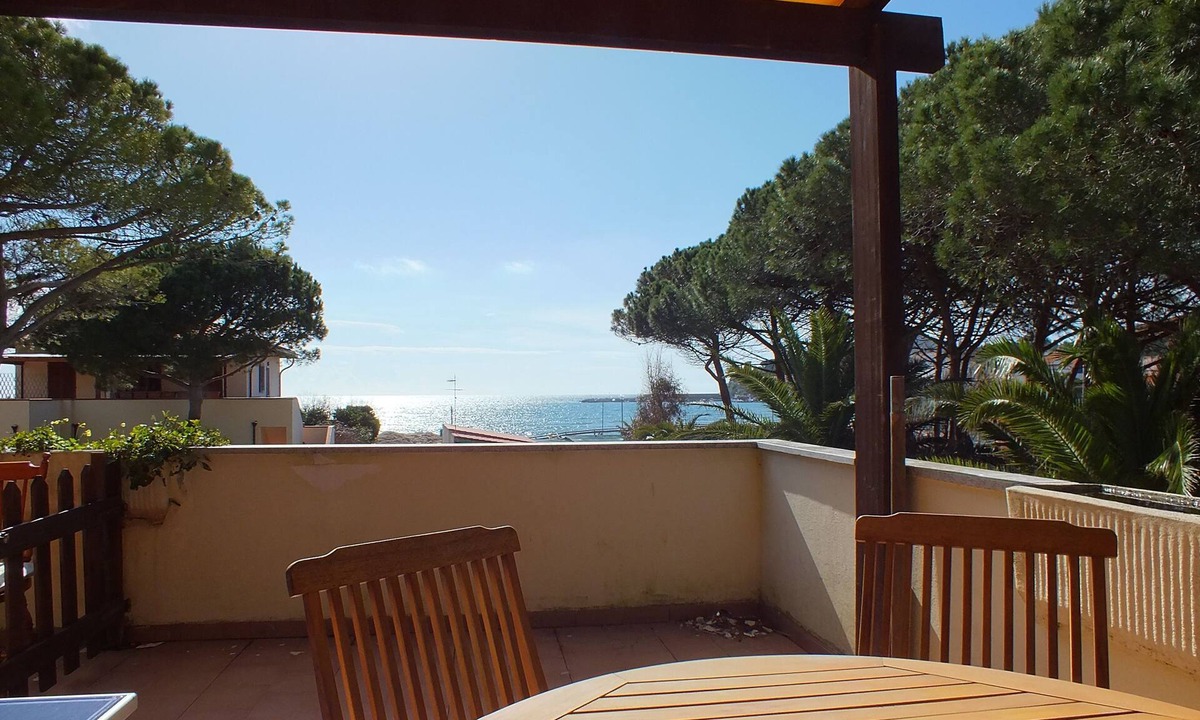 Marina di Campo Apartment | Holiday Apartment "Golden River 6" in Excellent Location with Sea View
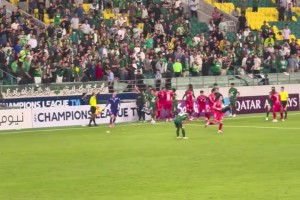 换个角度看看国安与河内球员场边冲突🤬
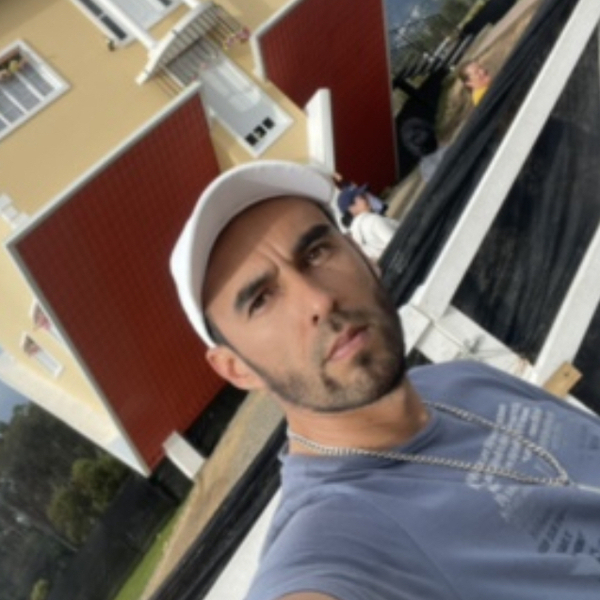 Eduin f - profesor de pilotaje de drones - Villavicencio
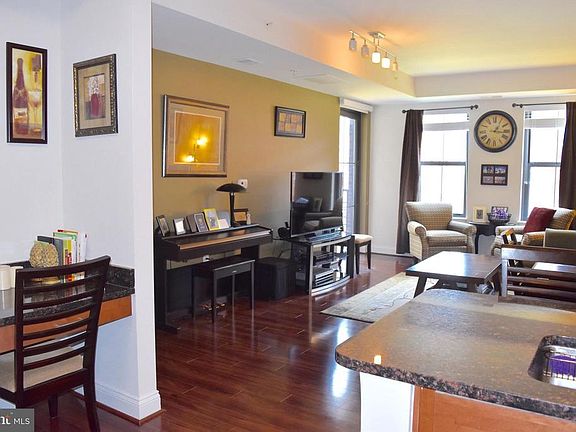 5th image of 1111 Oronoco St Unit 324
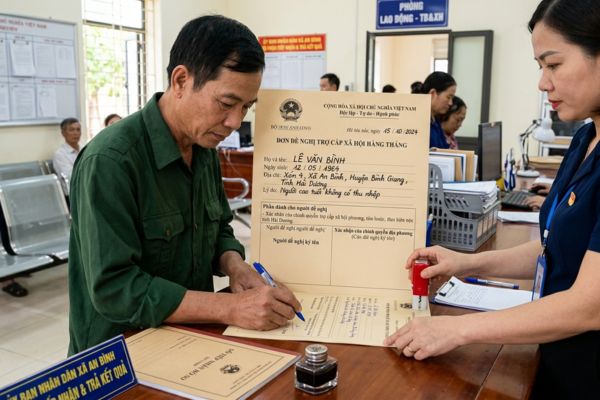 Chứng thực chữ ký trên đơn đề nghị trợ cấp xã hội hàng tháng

============

* [Problem requirements]: Repeat word for word the lines starting at the one with "换个角度看看国安与河内球员场边冲突🤬" and ending at the final line of the records above, both included; no pictures.

* [Exercise answer]:
 换个角度看看国安与河内球员场边冲突🤬
 Eduin f - profesor de pilotaje de drones - Villavicencio
 5th image of 1111 Oronoco St Unit 324
 Chứng thực chữ ký trên đơn đề nghị trợ cấp xã hội hàng tháng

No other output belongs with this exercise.